When you think of a green home, you might think of the visible things: solar power, low VOC paints, energy efficient appliances, green roof, etc. These things do make a home greener, but the largest environmental impacts of a home are energy and material use. A huge house that leaks energy isn't going to be very green no matter how many green features are slapped onto it. A truly green home is so much more.
Before I go into details, a caveat. As Wilson emphasizes, a home doesn't need to have all these features to be considered green. A home should take into account as many features as is practical. Every house is, in many ways, bad for the environment. A green house is simply a house that is less bad for the environment, and any amount of less bad is valuable.
The first thing to consider is where and how much to build. Infill development is going to be greener than developing pristine land. Smaller homes are, due to their smaller energy and material use, inherently greener than larger homes. Homes in walkable communities are greener than homes that require you to frequently drive longer distances.
Having decided where to build, the next most important thing is to build an energy efficient home that minimizes material use. There is an alignment in goals here. Material minimizing framing techniques, such as advance framing, use less wood, and less wood in walls generally means greater thermal efficiency.
An energy efficient home should be well insulated and air tight (with a mechanical air exchange system). Windows should be efficient and placed so as to provide appropriate solar gain -- in the Pacific Northwest, as in many moderate climates, appropriate means getting as much sun as possible in the winter while trying to minimize solar gain in the summer. Of course, energy efficiency also means choosing efficient appliances, lighting, etc.
Energy efficiency is the single most important thing that can be done to make a house green. A "boring" traditional home with standard appliances, materials, etc., will run circles around a super modern house with all sorts of cool green features if the traditional home is energy efficient and the modern home is not. Over the lifetime of a home, energy efficiency trumps everything.
However, water is becoming an increasingly precious resource, and Wilson indicates that water conservation is soon going to be a big thing in green home construction. Water conservation techniques involve using efficient appliances and landscaping that does not require a lot of additional water. Wilson also mentions greywater, rainwater harvesting, and storm water management.
One of my favorite water conservation features is one that is invisible but increases comfort: decreasing the amount of time that people have to wait for hot water. When hot water has to push cold water out of pipes, the cold water is wasted. Adding to the problem, the hot water remaining in the pipes after use will cool and waste energy. This waste can be reduced by insulating pipes, circulating hot water (on demand is more energy efficient than constant circulation), or, for low flow faucets, having narrower pipes go directly from the water heater to the faucet.
As briefly as I have been covering the book's contents, I am going to even more briefly mention that Wilson covers renewable energy, green materials and products, and minimizing indoor pollution (e.g., from paint, mold, etc.).

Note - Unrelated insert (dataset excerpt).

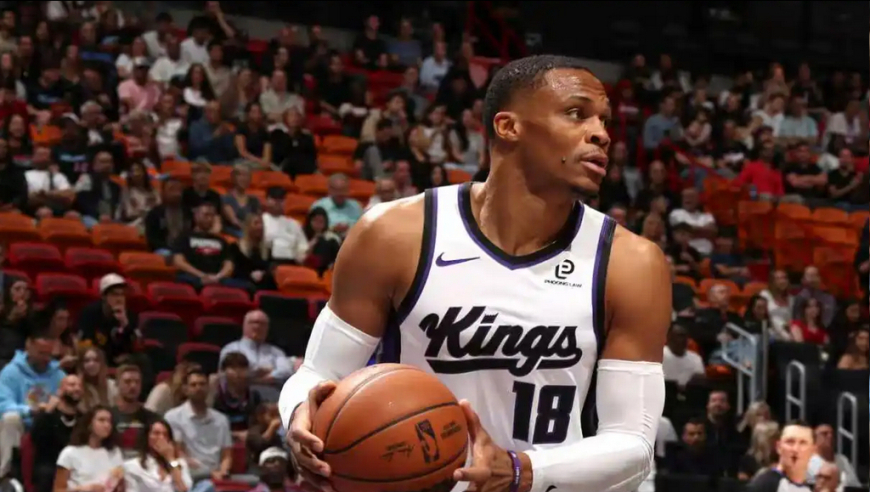 底薪威少反超约基奇，再刷新历史三双榜上限，国王发文感谢他付出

He also has a chapter on the cost of green building an d a great chapter on minimizing construction waste through a combination of reducing waste and recycling; given the amount of materials that go into a house, this is a vital part of making a house green.

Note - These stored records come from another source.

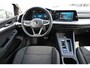 Volkswagen Golf 1.0 eTSI Life Business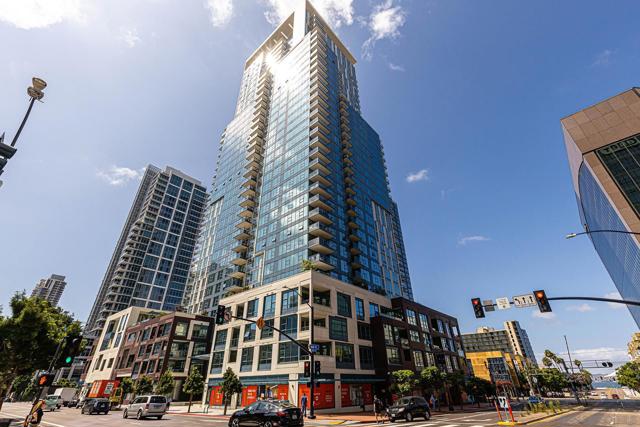 1388 Kettner Blvd, San Diego CA: https://media.crmls.org/mediaz/0fe14904-2d6f-4b38-a8d0-0f8234461d5c.jpg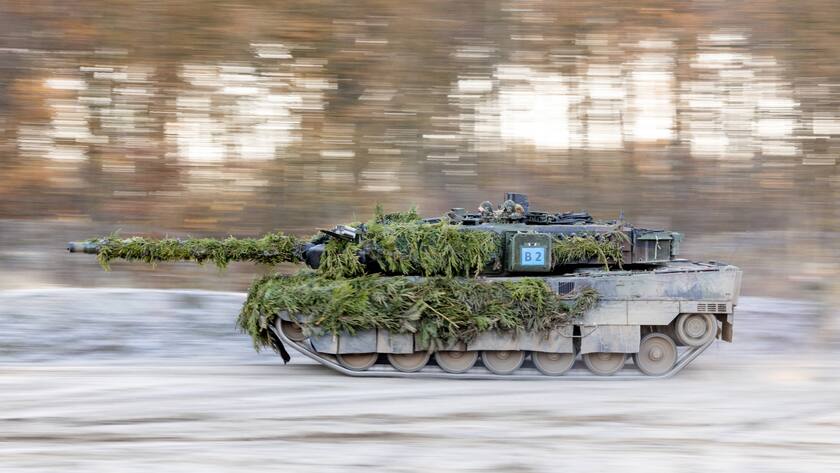 NATO-Soldaten trainieren in Deutschland mit einem Kampfpanzer Leopard 2 A7V.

As I said, this is a really good book, and one that you should read if you ever are looking into building a green home. My learning curve would have been much less steep if I had had this book a year ago. As Wilson makes clear, a lot of the features that make a home more green also make it more comfortable and cheaper to live in (but not to build). Even if you don't want to build an explicitly green home, you could still get a lot of good ideas from this book.